Figure 17 shows the calculation time of the four models: DenseNet, DenseNet-GRU, HACNN-GRU, and HACDNet-GRU. In this experiment, the CPU of the computer running the deep learning algorithm is AMD Ryzen7 5800X. The graphics processor of the computer is Nvidia GeForce RTX 3080. It can be seen that the running time of the combination of DenseNet network and GRU is nearly similar to that of the DenseNet, while the running time of the HACNN-GRU network and the DenseNet-GRU model with the heterogeneous asymmetric convolution kernel is approximately 3–4 times higher that of the DenseNet-GRU network. It may be noted that the main computational time of the model is spent on mining multi-dimensional signal fusion information. The HACDNet-GRU network takes a longer time than the HACNN-GRU network because it needs to learn the reusable features.

Fig. 17
figure 17

Running times of different prediction models

Conclusion

In this study, a unique model, called HACDNet-GRU, was proposed for tool wear prediction. The efficacy of the model was validated through a large number of experiments and comparison with conventional prediction models. The main results of the study are summarized as follows:

  • The multi-dimensional signal can reflect the variation trend of tool wear to a certain extent. Compared with the 1D convolutional DenseNet, the DenseNet with a heterogeneous asymmetric convolution kernel can facilitate effective mining of fusion features of multi-dimensional signals.
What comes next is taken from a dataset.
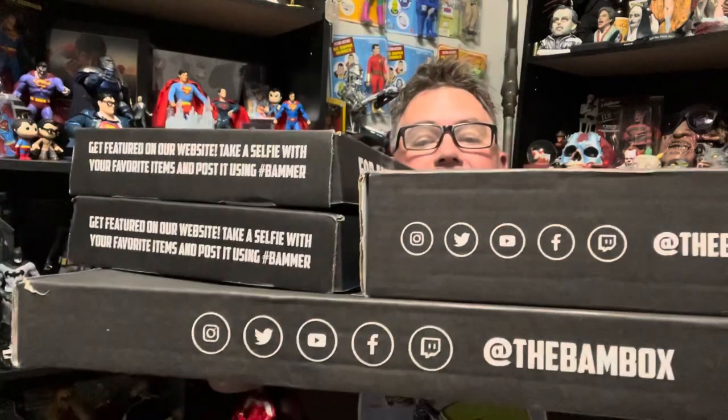Hello everybody. I've got a mega unboxing for the BAM box — they all come at the same time, which makes it easy for a nice big video. I have the BAM Horror, the BAM Geek, the BAM Comic, and not the BAM Ultra but a one-off Back to the Future Volume 2 box. The BAM Ultra I don't have yet, so I'll show you later.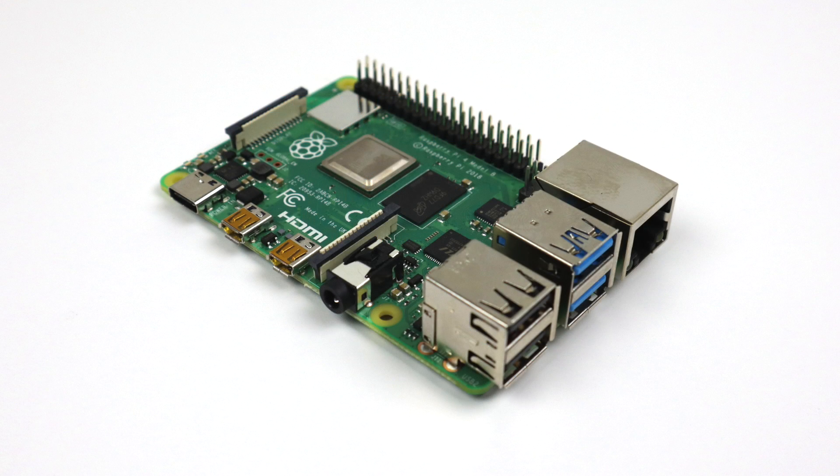What's going on guys? It's ETA Prime back here again. Today I am super excited because I finally got my hands on the Raspberry Pi 4 and I want to do some testing on it. So this is going to be my first look, initial impressions, and I will have more videos on the way.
  • Tool wear is a dynamic and time-varying process. Compared with the original signal, by dilating the convolution kernel to perceive the historical information of different fields and combining the depth of different receptive fields to mine the spatial information of the multi-dimensional signal, the GRU can easily capture the fused information, which can provide a more accurate prediction of the tool wear trend.

  • The obtained average values of RMSEs and MAEs are 7.82 and 6.27, which verified the feasibility and effectiveness of the model in tool wear prediction. Further, it was confirmed that the proposed prediction model is superior to the conventional deep learning and machine learning models.

During the cutting process, to avoid the loss caused by premature or late tool change, TCM has become a research hotspot in the machining field. Therefore, the data-driven indirect methods to predict tool wear will continue to be popular. With the advancement of sensor technology, cutting process will produce a large amount of information related to tool wear, and the integration of multiple models can provide in-depth information on the tool status. The existing tool wear prediction models are focused on constant working conditions. However, to obtain better interpretability and stability, data-driven methods should incorporate the characteristics of the tool wear process, such as the variable conditions. This forms the future scope of this study as it can boost the industrial applications of the prediction model.